Posted by Danny on September 22, 2014
After a few weeks of sideways action the markets are once again pushing higher. Why do stocks refuse to go down? Well, who is going to sell and where is a seller supposed to put the cash if not in stocks? Bonds? Wine?
Zero interest rate programs are destroying the natural balance between stock and bond markets, and that will have some very painful results down the road. First, stocks will rise too high, possibly way too high. And then stocks will collapse. Instead of helping the economy, zero interest rates will have set the stage for an even bigger contraction. It will once again raise questions about the role of central banking. My take is this: as long as central bankers cannot forecast next month’s weather they should not try to manipulate next years’ climate. More on that on another occasion.

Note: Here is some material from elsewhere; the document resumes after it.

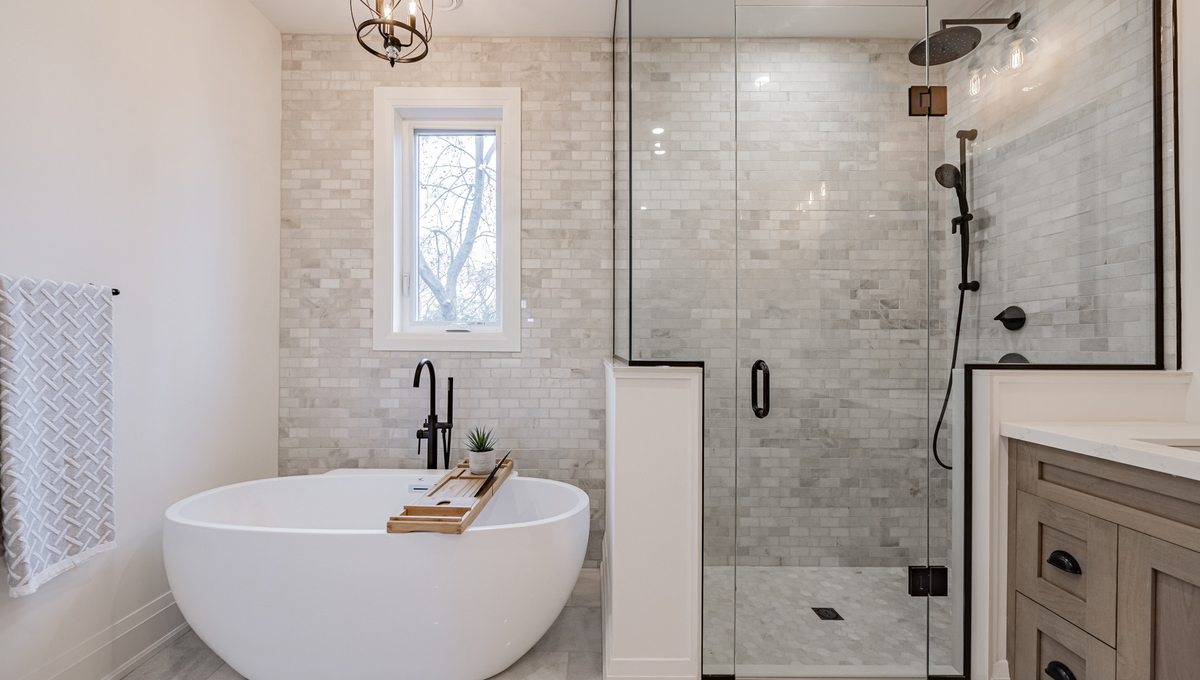 Professional bathroom renovation in Tallinn by TorudeAbi24 featuring modern tile work and plumbing installation.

Let’s have our look at the Nasdaq chart (click for larger image):
The recent correction found support at the 4500 level, the July highs, and is now closing in on new highs for the year. Technically the Earl indicator has turned up, but the slower Earl2 is hesitating. It is still a rather mixed picture and we could be setting up some new bearish divergences on this rally. Time will tell.

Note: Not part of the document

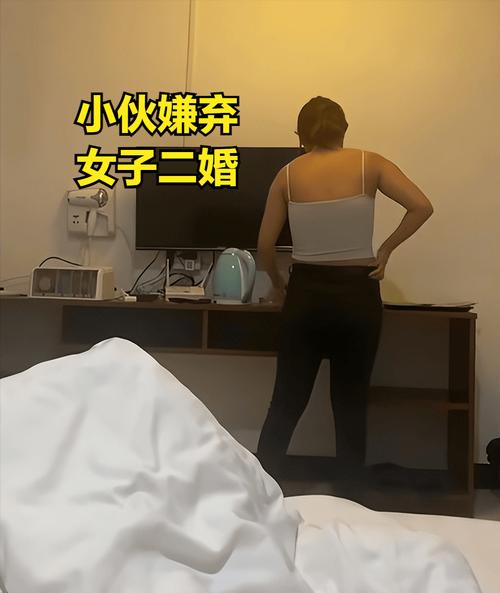 18+美女的相关介绍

We remain in a lunar green period this week. There is room for the Nasdaq to climb to 4700 and then we have to see what happens next. Many observers continue to wait/hope for some kind of correction. But we may not get it. I think there is at least 30% chance that the market will just push higher and climb above 5000 before we get any significant pullback. With September almost over, all eyes will be on October to deliver us the “crash”. That’s what sets the stage for a potential surge.